### Data records
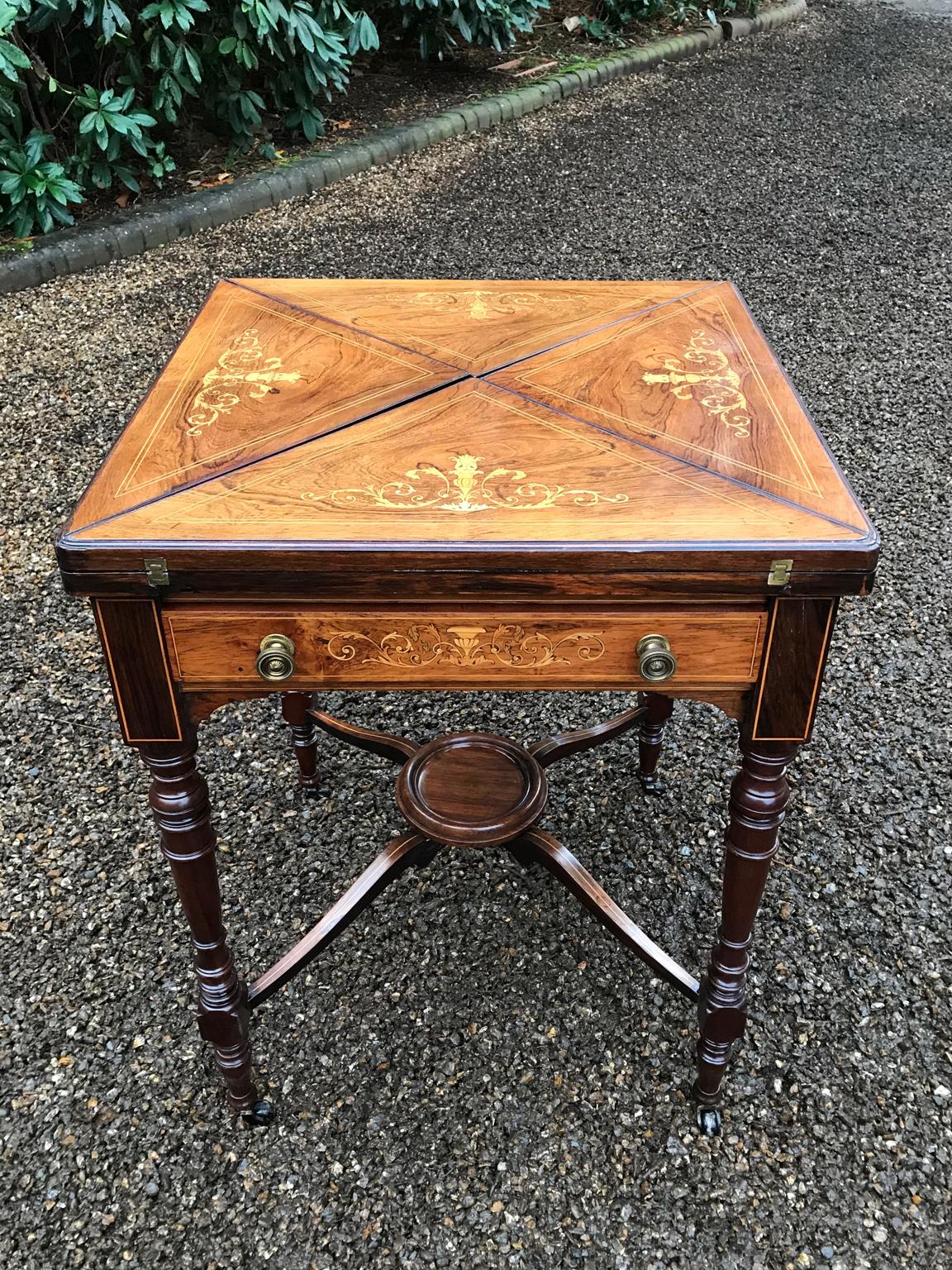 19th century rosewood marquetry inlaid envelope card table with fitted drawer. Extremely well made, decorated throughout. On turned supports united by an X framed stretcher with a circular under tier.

...

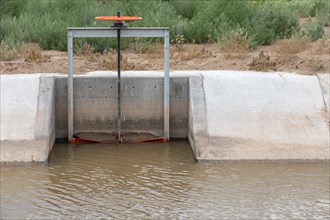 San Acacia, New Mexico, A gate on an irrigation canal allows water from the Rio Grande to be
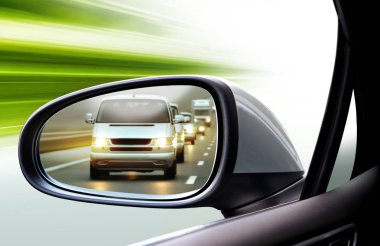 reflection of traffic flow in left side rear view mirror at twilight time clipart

### Assigned task
Copy exactly, without pictures, the lines above from the one with "San Acacia, New" down to the one with "reflection of traffic", inclusive.

### Written answer
 San Acacia, New Mexico, A gate on an irrigation canal allows water from the Rio Grande to be
 reflection of traffic flow in left side rear view mirror at twilight time clipart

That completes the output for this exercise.